Press release: Flood protection options being presented to Yate and Chipping Sodbury


The Environment Agency is holding a public consultation in Chipping Sodbury to explain how it plans to reduce flood risk to local homes and businesses.

The Environment Agency is keen for local people to share their views on its proposals and any experiences they have of local flooding.

The consultation will take place at the Town Hall on 1 March 2017 between 2.30pm and 7.30pm.

Fiona Geddes of the Environment Agency said:

This event is an ideal opportunity for people to study the flood alleviation options. There will be officers from the Environment Agency and South Gloucestershire Council on hand to explain the thinking behind each option and the steps people can take to prepare themselves against flooding.

We’d really like to hear the views of local residents and look forward to sharing ideas on how best to reduce flood risk in Yate and Chipping Sodbury.

The last major floods in Yate and Chipping Sodbury occurred in 1968. The Environment Agency estimates up to 100 homes and 40 businesses could be at risk of flooding from the River Frome and its tributaries. There’s a 1 per cent chance of serious flooding each year. The risk is expected to increase as a result of higher river flows and climate change.

Flood warnings are issued to low-lying properties in both communities. In Yate these include:

  • Bennetts Court
  • Station Road
  • Swan Field
  • Treeleaze
  • Orchard Close
  • Milton Road
  • Tyndale Avenue
  • Celestine Road
  • Blenheim Drive
  • Whitley Close

In Chipping Sodbury the part of the town most at risk is the Blanchards Farm area.

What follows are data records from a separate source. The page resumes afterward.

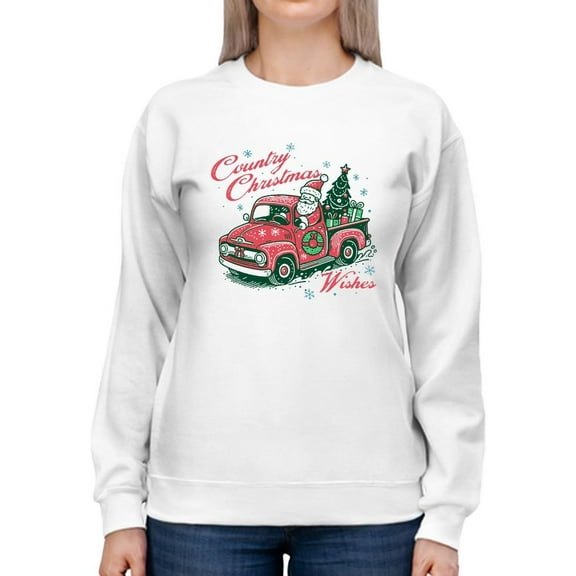 Country Christmas Wishes Truck Women's Sweatshirt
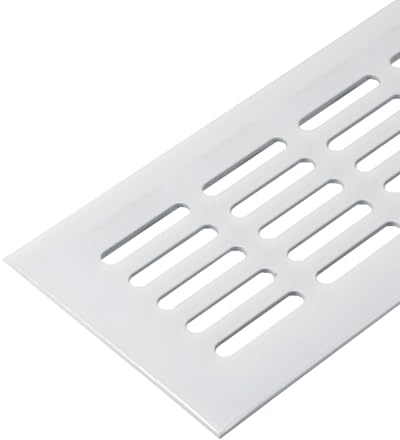 Rejilla de ventilación para puerta, color blanco, de aluminio, rectangular, 800 x 80 mm, para muebles, de aluminio, para calefacción, pared, etc., fabricado en Alemania, 1 pieza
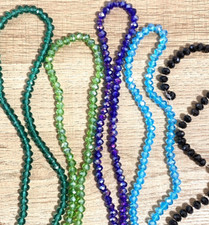 Lot Crystal Beads Faceted Glass Jewelry Craft Green Blue Black AB Rondelle 5-6mm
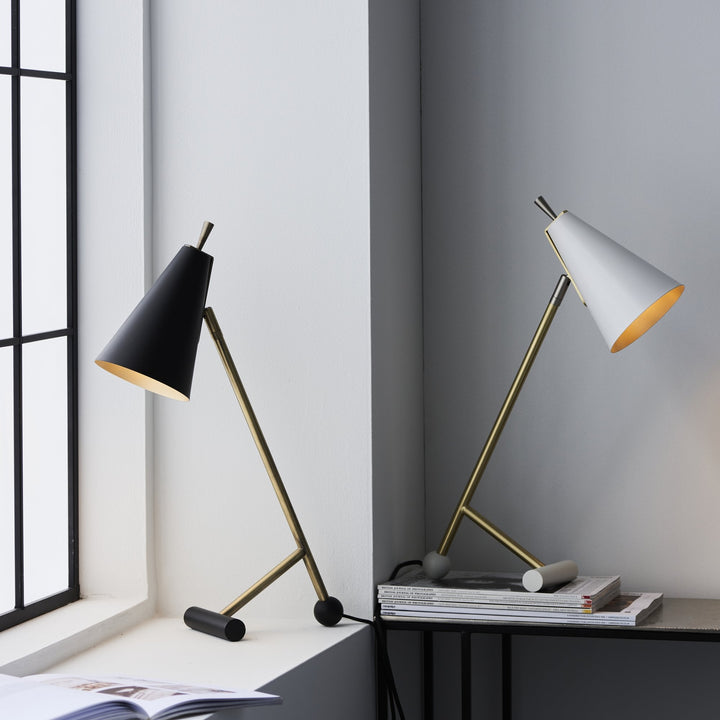 Endon 93064 1 Light Table Lamp Matt Antique Brass Plate &amp; Matt Black (SD)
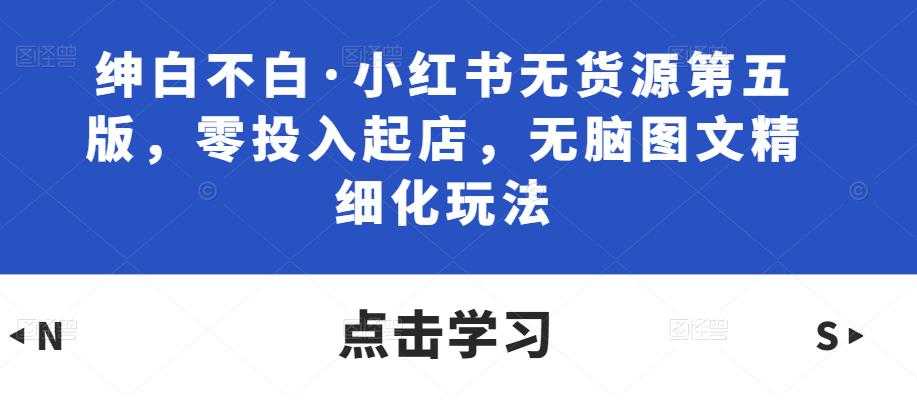 绅白不白·小红书无货源第五版，零投入起店，无脑图文精细化玩法-创业资源网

Flooding occurs because the River Frome has insufficient capacity. Improvements have been made over the years alongside new developments in the river corridor, but these haven’t kept pace with the growing flood risk. Surface water run-off from heavy rain has added to the flooding problem.

The Environment Agency has carried out a preliminary study that identifies 3 options: flood storage, river channel widening and property flood-proofing. As well as exploring each option separately, a combination of all 3 is also under consideration. This final, most expensive, combined option would increase the cost of the scheme to approximately £4 million. The cost of the individual options are £3.7 million, £300,000 and £100,000 respectively.

An earlier option that involved the construction of 1.8km of flood walls was rejected on the grounds of being too expensive (£10 million). It also raised sustainability concerns.

For a successful scheme to go ahead, any benefits must outweigh the costs. In addition to reducing flood risk to a significant number of homes and businesses, the final scheme should reduce flooding on 3 local roads (A432, B4569 and B4060) and prevent flood damages estimated at £10 million.

Flood storage schemes are an effective way of providing flood alleviation. The Environment Agency has built several in recent years. Examples include Tubbs Bottom, that reduces flood risk downstream of Yate and Bruton in Somerset. Schemes are also being considered for Taunton and Wrington near Bristol.

The Yate and Chipping Sodbury scheme is still in its early stages. The Environment Agency must carry out a more detailed study before selecting a preferred option. It is hoped a scheme could be in place by 2021, but that will depend on the Environment Agency securing the necessary funding from the Government and other sources.